Judgment:
Chandra Mohan Prasad, J.
1. The appeal is against the judgement dated 30.4.92 of the Special Judge, Begusarai passed in Garhpura P.S. Case No. 4 of 1986 (G.R. No. 221/86) whereby the appellant Ram Sewak Mahton has been held to have violated the Clouse-10, 16 and 17 of Bihar Trade Articles (Licences Unification) order 1984 and also Clause-5(i)(ii), (vii) and 10 of Form-C (terms and conditions) of Bihar Trade Articles (Licences Unification) order 1984 and accordingly convicted under Section 7 read with Section 12(A) of the essential commodities Act and sentenced to undergo R.I. for one year.

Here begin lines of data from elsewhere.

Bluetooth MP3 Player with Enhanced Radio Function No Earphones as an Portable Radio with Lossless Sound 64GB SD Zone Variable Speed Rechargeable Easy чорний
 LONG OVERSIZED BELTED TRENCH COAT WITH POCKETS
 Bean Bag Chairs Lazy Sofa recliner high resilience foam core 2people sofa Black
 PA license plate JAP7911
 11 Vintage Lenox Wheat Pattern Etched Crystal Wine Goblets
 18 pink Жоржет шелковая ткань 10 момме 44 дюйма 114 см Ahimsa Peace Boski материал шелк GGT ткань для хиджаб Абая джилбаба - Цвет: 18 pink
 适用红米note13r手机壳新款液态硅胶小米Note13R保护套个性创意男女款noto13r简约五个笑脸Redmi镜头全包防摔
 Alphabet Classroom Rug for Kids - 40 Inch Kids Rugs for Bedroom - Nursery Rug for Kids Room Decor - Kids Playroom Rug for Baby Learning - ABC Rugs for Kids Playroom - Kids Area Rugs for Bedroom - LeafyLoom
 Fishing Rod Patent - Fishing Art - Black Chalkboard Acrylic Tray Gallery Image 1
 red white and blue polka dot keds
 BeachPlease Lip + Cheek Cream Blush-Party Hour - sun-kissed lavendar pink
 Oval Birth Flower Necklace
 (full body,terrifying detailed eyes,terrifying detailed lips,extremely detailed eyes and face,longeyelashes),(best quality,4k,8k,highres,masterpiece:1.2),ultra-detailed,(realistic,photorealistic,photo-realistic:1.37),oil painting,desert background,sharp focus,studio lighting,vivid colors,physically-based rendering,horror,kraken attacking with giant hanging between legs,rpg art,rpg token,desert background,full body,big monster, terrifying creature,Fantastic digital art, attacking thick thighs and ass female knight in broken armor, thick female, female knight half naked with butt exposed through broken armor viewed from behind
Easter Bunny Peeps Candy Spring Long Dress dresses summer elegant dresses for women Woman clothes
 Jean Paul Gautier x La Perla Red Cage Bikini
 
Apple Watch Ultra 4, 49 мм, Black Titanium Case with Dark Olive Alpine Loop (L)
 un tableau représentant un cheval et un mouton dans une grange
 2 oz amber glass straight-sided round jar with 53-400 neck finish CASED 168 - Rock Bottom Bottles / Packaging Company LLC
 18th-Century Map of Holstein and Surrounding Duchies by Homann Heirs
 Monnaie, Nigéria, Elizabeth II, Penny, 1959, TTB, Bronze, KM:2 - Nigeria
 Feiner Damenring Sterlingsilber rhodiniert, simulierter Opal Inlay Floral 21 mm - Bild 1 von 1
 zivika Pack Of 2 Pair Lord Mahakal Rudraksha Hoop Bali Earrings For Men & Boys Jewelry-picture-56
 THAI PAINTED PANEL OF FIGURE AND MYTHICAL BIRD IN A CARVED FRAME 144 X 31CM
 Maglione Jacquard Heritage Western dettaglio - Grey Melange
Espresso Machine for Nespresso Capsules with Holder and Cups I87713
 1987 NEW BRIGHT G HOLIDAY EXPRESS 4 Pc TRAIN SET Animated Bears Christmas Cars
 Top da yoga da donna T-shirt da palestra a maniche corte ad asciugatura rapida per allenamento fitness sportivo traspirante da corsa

1. The prosecution commenced with written report (Ext.2) dt. 30.1.86 of the informant (P.W.3), a Supply Inspector who stated that on 29.1.86 at about 11 A.M. he (P.W.3) inspected the shop of the appellant who is P.D.S. dealer and found that a board was hanging at the shop and there was no entry in the board. He demanded register from the appellant and then the appellant went into his house and brought an old register of the period of October, 1985 with respect to stock and sell of sugar and kerosene oil. Any new register was not produced. At the insistence of the informant the appellant produced new register which showed that 700 liters of kerosene oil had been supplied on 25.1.86 but any quantity of kerosene oil was not found present in the stock. The appellant could not show any sell of the kerosene oil to the ration card holders nor any distribution register was produced. The informant also obtained a self written and signed statement (Ext.3) dated 29.1.86 of the appellant wherein he admitted that he had obtained a supply 700 liters of kerosene oil on 25.1.86 and that the stock of the kerosene oil had not been mentioned in the stock register and the stock of the kerosene oil was not with him nor there was any distribution register with him. Making of the statement by the appellant was witnessed by Upendra Paswan (P.W.1) who also put his L.T.I. on the statement with an endorsement that the statement was made in his presence. The informant also stated in his written report that he had seized two registers from the appellant by making a seizure list. The aforesaid report (Ext.2) of the informant was addressed to the Anchal Adhikari. On the basis of report, the Anchal Adhikari, Bakhri wrote to the Officer Incharge, Bakhri P.S. for institution a case against the appellant. Accordingly, F.I.R. was instituted and investigation commenced and on completion of the investigation charge-sheet was submitted and appellant was put on trial and on completion of trial, the appellant has been convicted and sentenced as above.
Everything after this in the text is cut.